Task statement ▸ Once the line containing "4 Linden Lane" is found in the entries below, restate it and each following line word for word, stopping after the line containing "Jean Oxford 041437".

********************

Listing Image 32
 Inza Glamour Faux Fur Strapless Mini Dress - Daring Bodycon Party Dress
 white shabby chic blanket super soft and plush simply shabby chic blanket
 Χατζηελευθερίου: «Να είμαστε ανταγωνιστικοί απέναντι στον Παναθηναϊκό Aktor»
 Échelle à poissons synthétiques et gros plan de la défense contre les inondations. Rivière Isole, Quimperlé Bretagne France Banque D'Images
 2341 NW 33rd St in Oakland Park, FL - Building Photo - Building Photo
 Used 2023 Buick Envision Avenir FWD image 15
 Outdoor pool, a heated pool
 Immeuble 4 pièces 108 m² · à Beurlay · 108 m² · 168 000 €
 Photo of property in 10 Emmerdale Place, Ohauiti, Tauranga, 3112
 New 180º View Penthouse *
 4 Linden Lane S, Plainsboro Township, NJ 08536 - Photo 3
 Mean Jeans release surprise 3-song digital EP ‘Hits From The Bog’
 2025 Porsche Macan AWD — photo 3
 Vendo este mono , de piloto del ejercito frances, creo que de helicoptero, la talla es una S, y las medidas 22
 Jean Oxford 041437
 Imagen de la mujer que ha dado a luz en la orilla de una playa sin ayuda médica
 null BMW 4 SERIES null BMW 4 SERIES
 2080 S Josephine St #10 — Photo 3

********************

Finished task ▸
 4 Linden Lane S, Plainsboro Township, NJ 08536 - Photo 3
 Mean Jeans release surprise 3-song digital EP ‘Hits From The Bog’
 2025 Porsche Macan AWD — photo 3
 Vendo este mono , de piloto del ejercito frances, creo que de helicoptero, la talla es una S, y las medidas 22
 Jean Oxford 041437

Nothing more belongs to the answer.